The curve constructor must call the base constructor with as its only argument the number of parameters of the curve. For calculations, the curve parameters are accessed through the Parameters collection.

Depending on the application, it may be useful to override other methods of the Curve class. For example, for the above curve, the Integral is easily calculated as Math.Log(x+c).

The NonlinearCurveFitter class

The NonlinearCurveFitter class performs a nonlinear least squares fit. To perform the fit, a NonlinearCurveFitter needs data points, and a curve to fit. You must set the Curve property to an instance of a NonlinearCurve object. This can be an instance of any of the classes in the Extreme.Mathematics.Curves.Nonlinear namespace, or you can supply your own, as discussed in the previous section.

The data is supplied as Vector objects. The XValues and YValues properties specify the X and Y values of the data points, respectively.

By default, the fit is unweighted. All weights are set equal to 1. Weights can be specified in one of two ways. The first way is to set the WeightVector property to a vector with as many elements as there are data points. Each component of the vector specifies the weight of the corresponding data point.

Alternatively, the WeightFunction can be used to calculate the weights based on the data points. The WeightFunctions class contains a number of predefined weight functions listed in the table below. In the descriptions, x and y stand for the x and y values of each data point.

Field

Description

OneOverX

The weight equals 1/x.

OneOverXSquared

The weight equals 1/x2.

OneOverY

The weight equals 1/y.

OneOverYSquared

The weight equals 1/y2.

If error estimates for the Y values are available, then the GetWeightVectorFromErrors of the WeightFunctions class can be used to construct a vector with the weights that correspond to the errors. Its only argument is a Vector that contains the error for each observation.

The algorithm that is used to compute the least squares solution can be selected by setting the the Method. By default, the Levenberg-Marquardt method is used, but the trust region reflective algorithm is also available. The Optimizer property gives access to the corresponding multidimensional optimizer object. You can set tolerances and control convergence as set out in the chapter on optimization.

The Fit method performs the actual least squares calculation, and adjusts the parameters of the Curve to correspond to the least squares fit. The BestFitParameters property returns a Vector containing the parameters of the curve. The GetStandardDeviations returns a Vector containing the standard deviations of each parameter as estimated in the least squares calculation.

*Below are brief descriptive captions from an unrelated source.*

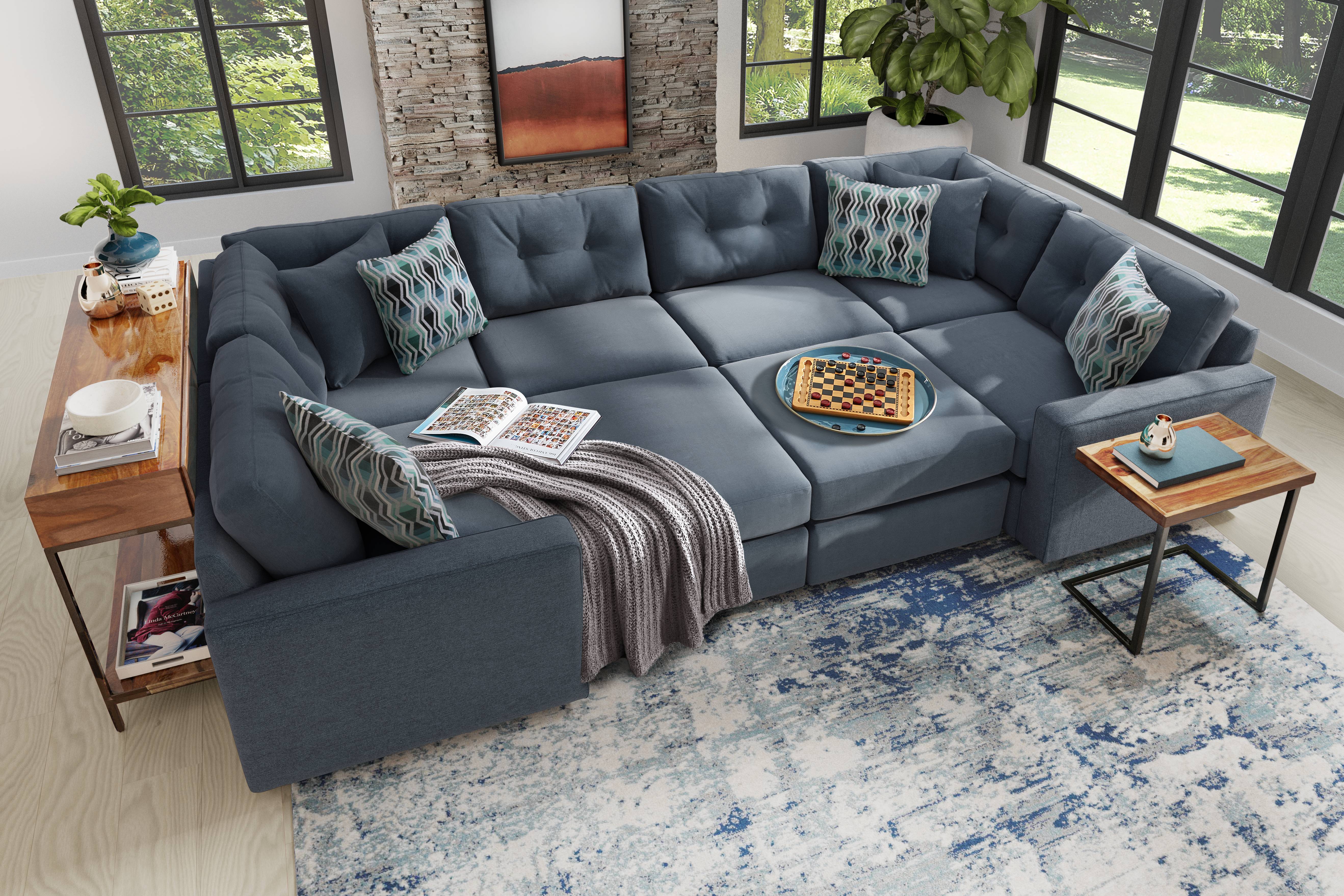 Indigo 8 Pc ModularOne - Thumbnail - Image 2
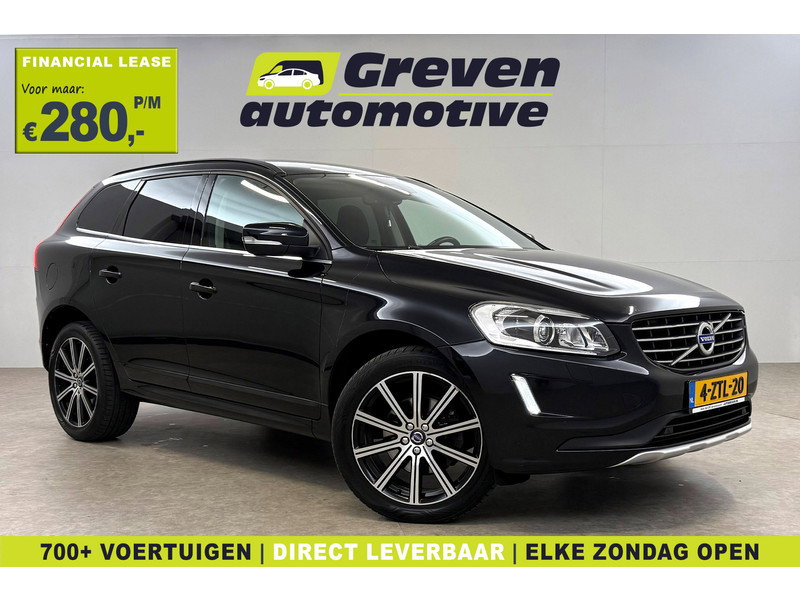 Volvo XC60 2.0 D4 R-Design 4ZTL20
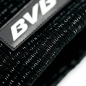 Preview: Borussia Dortmund BVB Reflective Beanie Schwarz mit Reflektorfäden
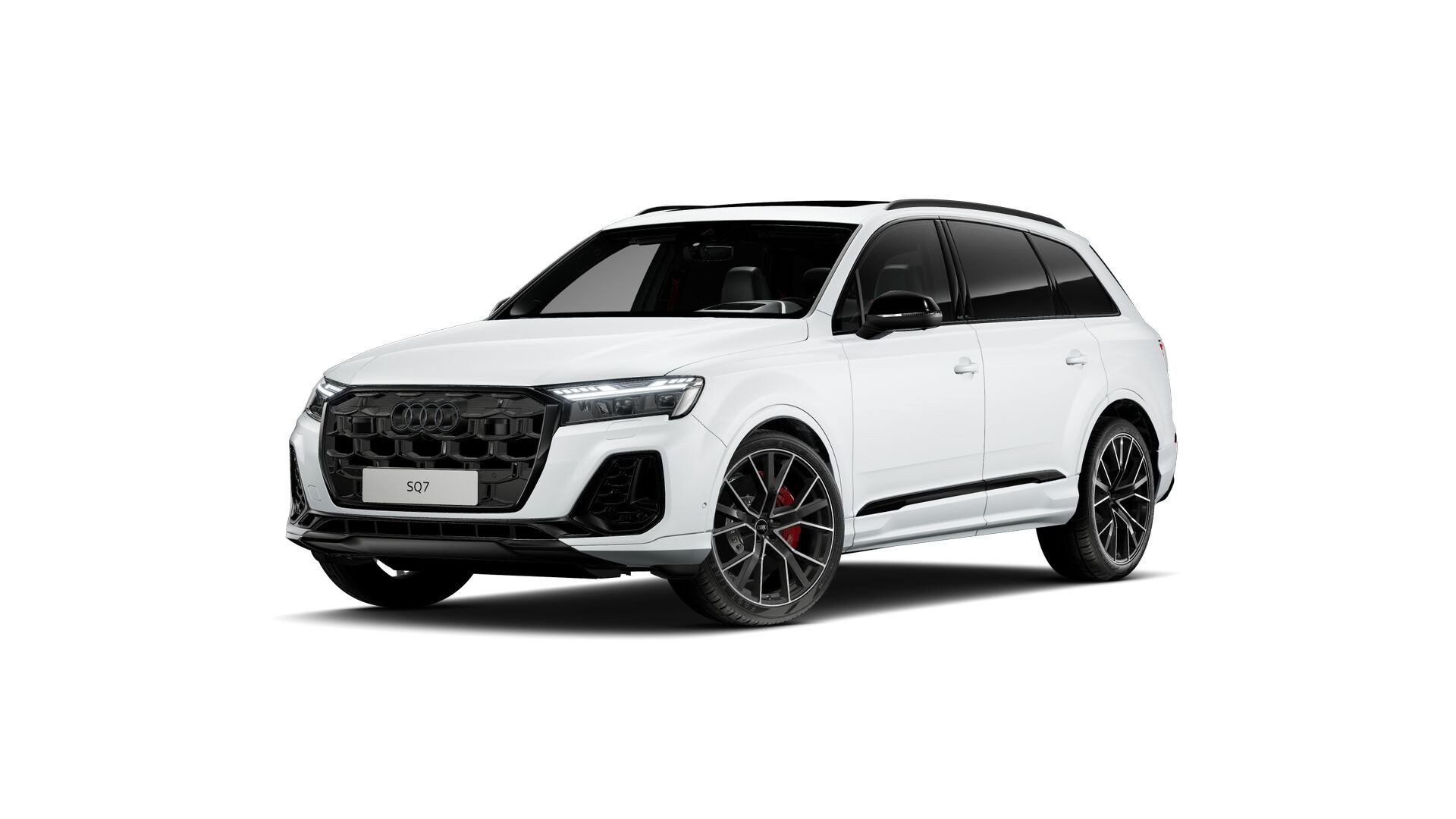AUDI SQ7 TFSI quattro tiptronic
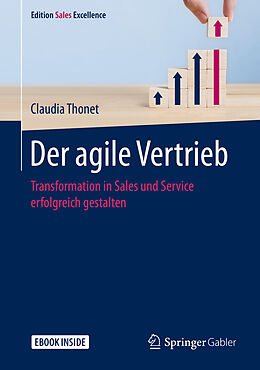 E-Book (pdf) Der agile Vertrieb von Claudia Thonet
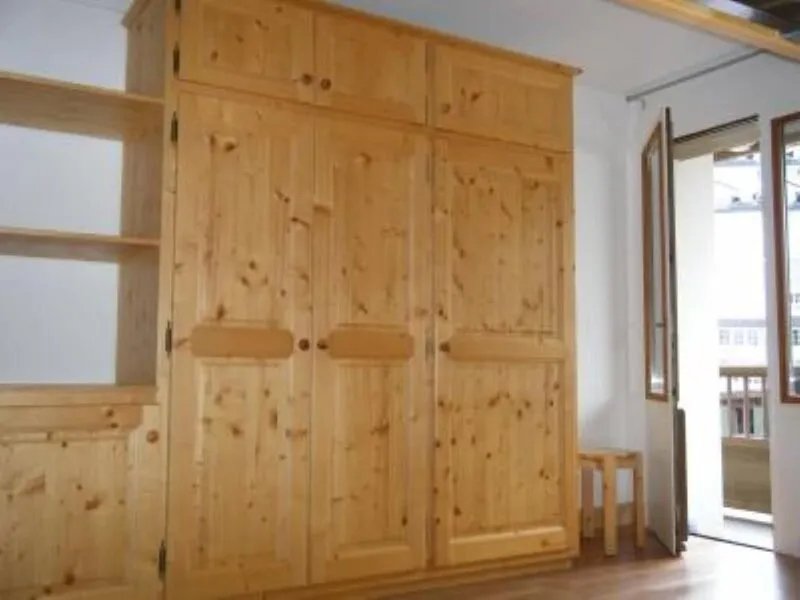 A charming and montain style appartement , 2 rooms for 6 persons Ski In & Out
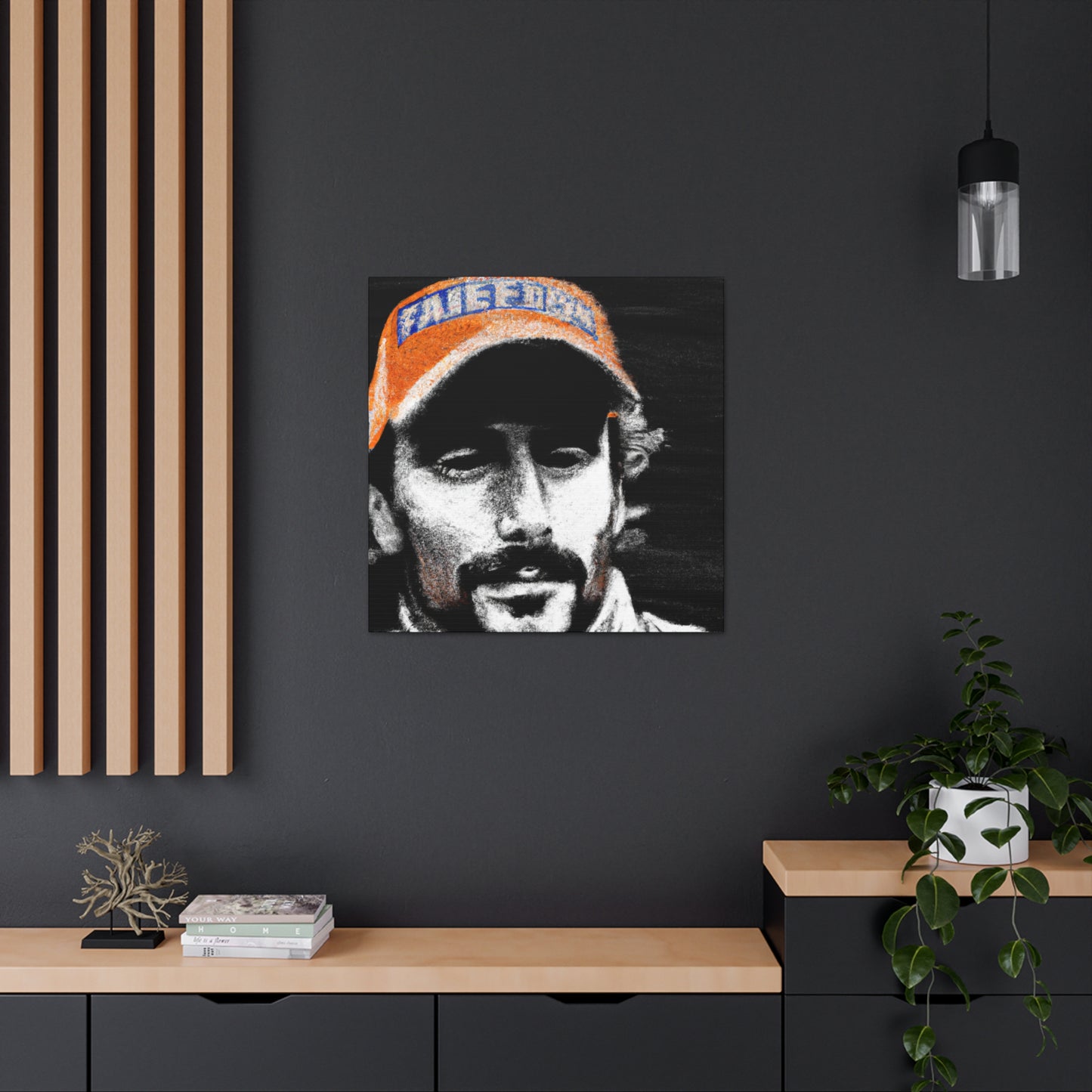 Hansa Freilingera-canvas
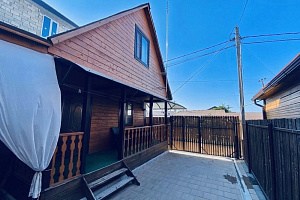 "Wood House" дом под-ключ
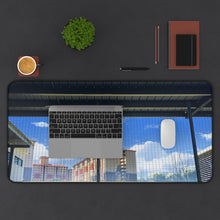 Load image into Gallery viewer, Anime Original Mouse Pad (Desk Mat) With Laptop
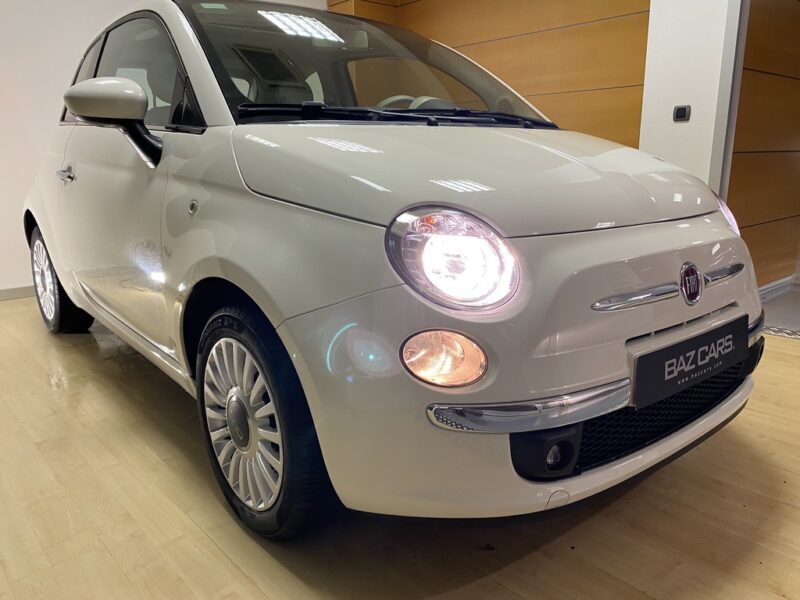 FIAT 500 1.2 8V LOUNGE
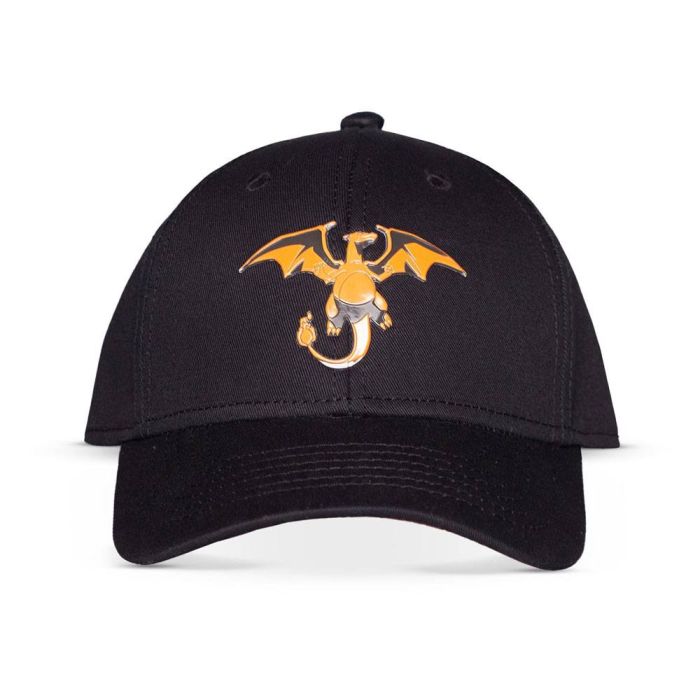 Cappellino Charizard - L’emporio dell’avventuriero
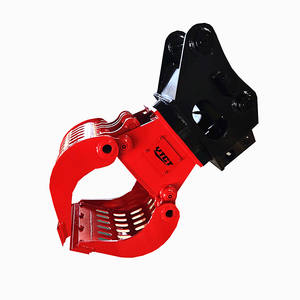 <span class=keywords><strong>Grappin</strong></span> de démolition certifié CE pour excavatrice, pour tri et préhension de <span class=keywords><strong>ferraille</strong></span>, avec moteur et composants d'engrenage intégrés - Product Image 4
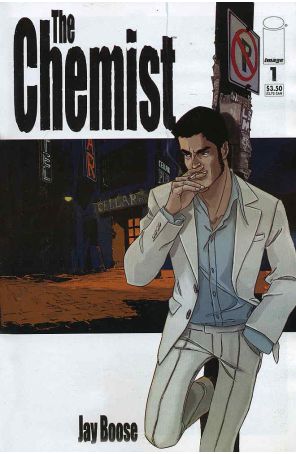 The Chemist 1 published by Image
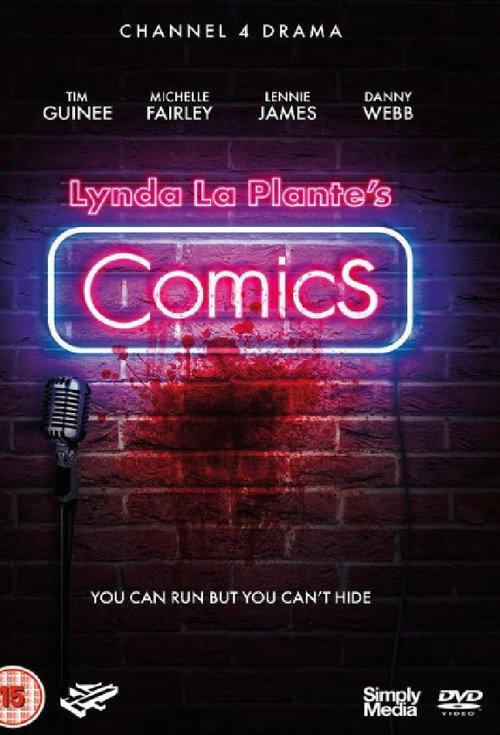 Comics backdrop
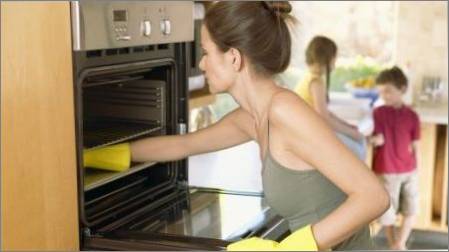 Kā mazgāt virtuvi no taukiem?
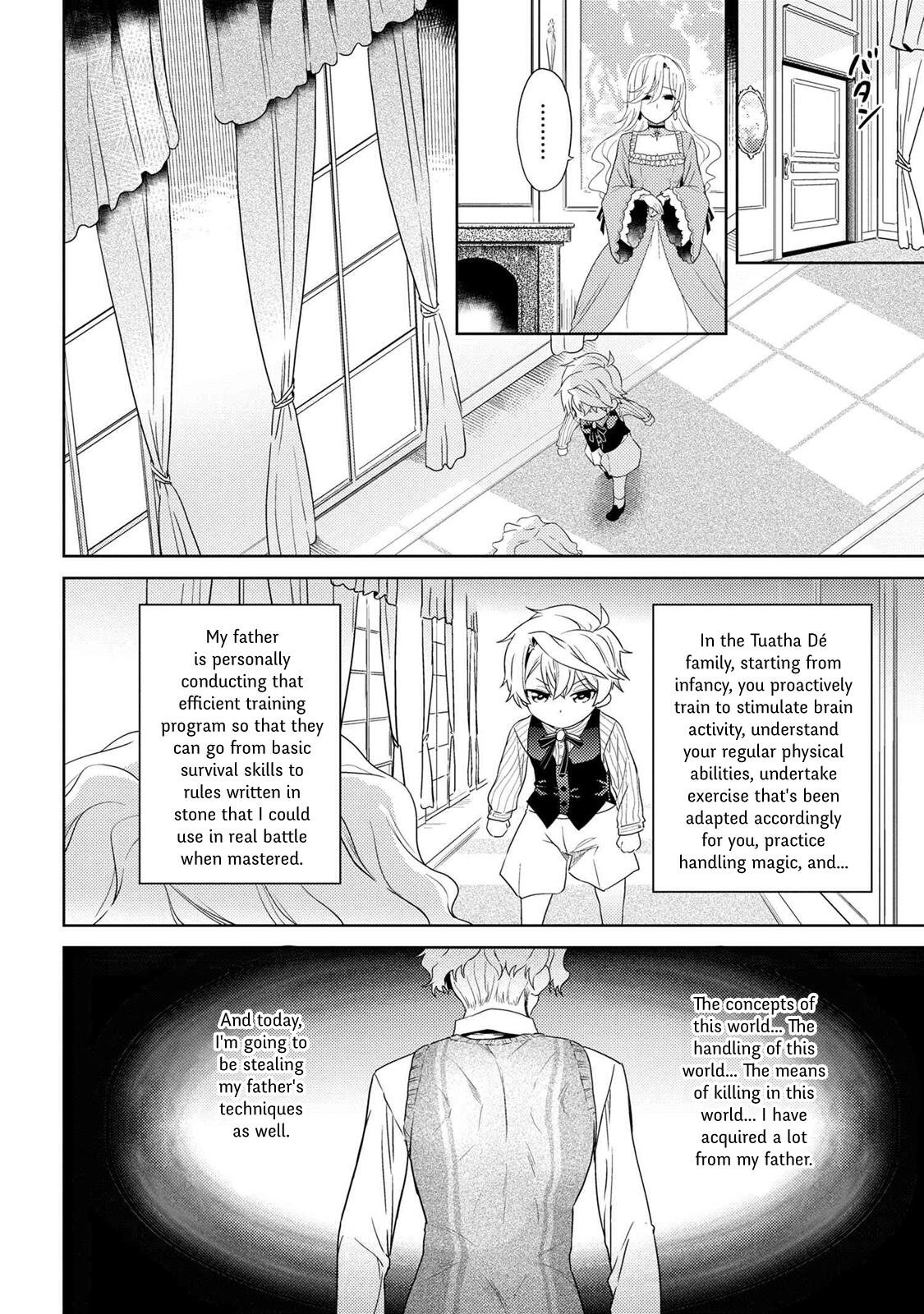 The World’s Best Assassin, Reincarnated in a Different World as an Aristocrat Chapter 2.1 - Page 5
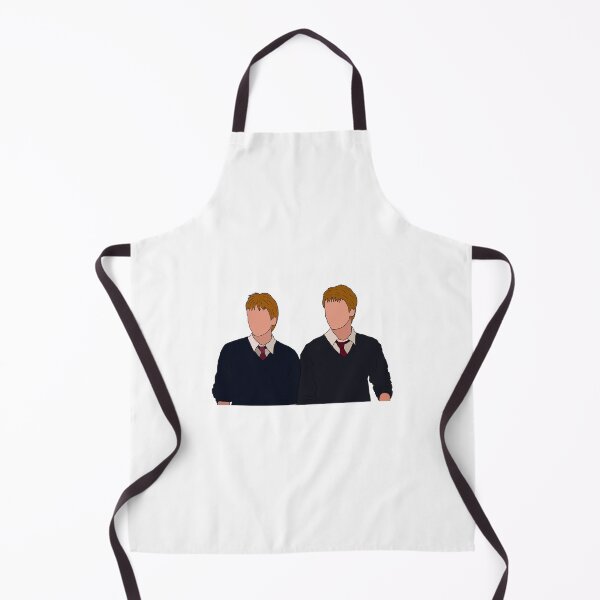Item preview, Fred and George Weasley version 2 designed and sold by Total Betties.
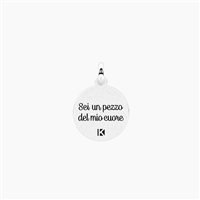 Charm Kidult in Acciaio 741368 - 741368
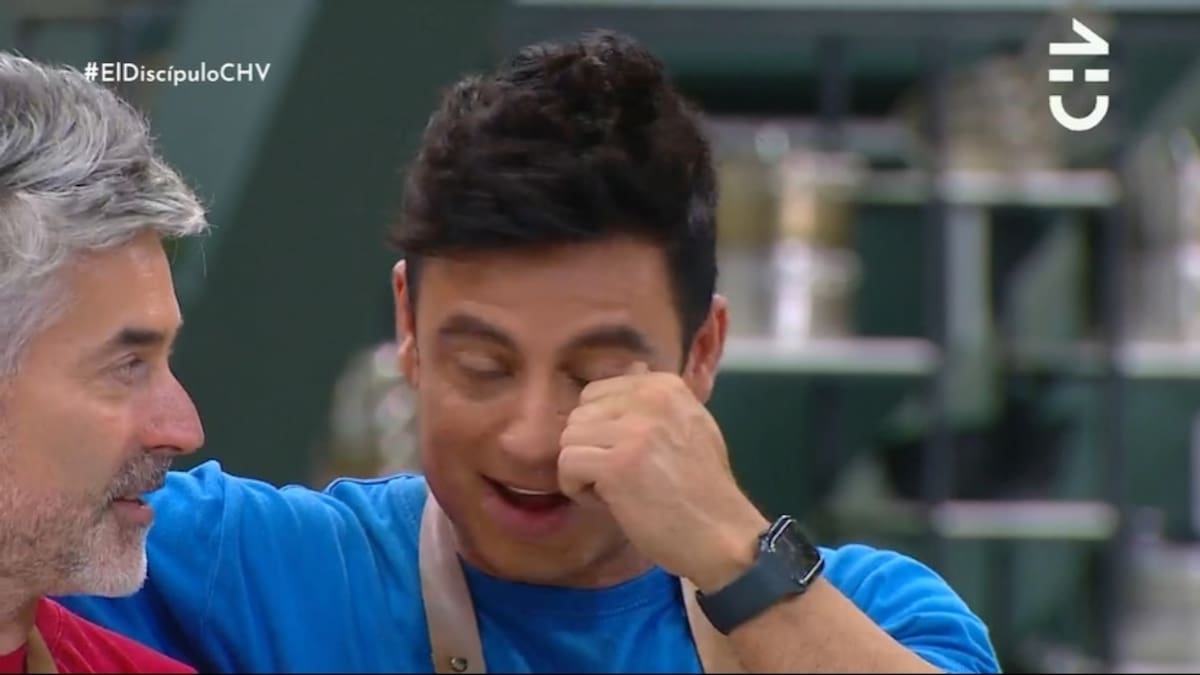 "Voy a parecer la Kenita": Bruno Zaretti se puso a llorar y broméo al compararse con la numeróloga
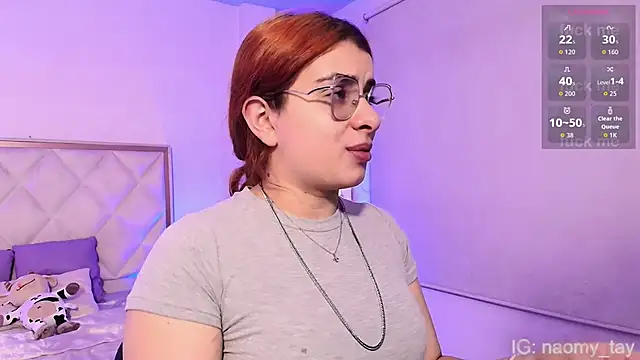 Naomy tay1 online show from 11-10-25, 03:16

The Optimizer property also gives access to details of the calculation. It is useful to inspect its Status property to make sure the algorithm ended normally. A value other than Converged indicates some kind of problem with the algorithm.

Example: Fitting a Dose Response Curve

In this example, we fit dose response data to a four parameter logistic curve.

C#
Vector<double> dose = Vector.Create<double>(/*...*/);
Vector<double> response = Vector.Create<double>(/*...*/);
Vector<double> error = Vector.Create<double>(/*...*/);
FourParameterLogisticCurve doseResponseCurve
    = new FourParameterLogisticCurve();
NonlinearCurveFitter fitter = new NonlinearCurveFitter();
fitter.Curve = doseResponseCurve;
fitter.XValues = dose;
fitter.YValues = response;
fitter.WeightVector = WeightFunctions.GetWeightVectorFromErrors(error);
fitter.Fit();
Vector<double> s = fitter.GetStandardDeviations();
Console.WriteLine("Initial value: {0,10:F6} +/- {1:F4}",
    doseResponseCurve.InitialValue, s[0]);
Console.WriteLine("Final value:   {0,10:F6} +/- {1:F4}",
    doseResponseCurve.FinalValue, s[1]);
Console.WriteLine("Center:        {0,10:F6} +/- {1:F4}",
    doseResponseCurve.Center, s[2]);
Console.WriteLine("Hill slope:    {0,10:F6} +/- {1:F4}",
    doseResponseCurve.HillSlope, s[3]);

Two things are worth noting. One is the use of the GetWeightVectorFromErrors method to transform the errors of the observations into their corresponding weights. Also, the FourParameterLogisticCurve class exposes properties that name the curve properties. Many of the predefined curves define such named parameters.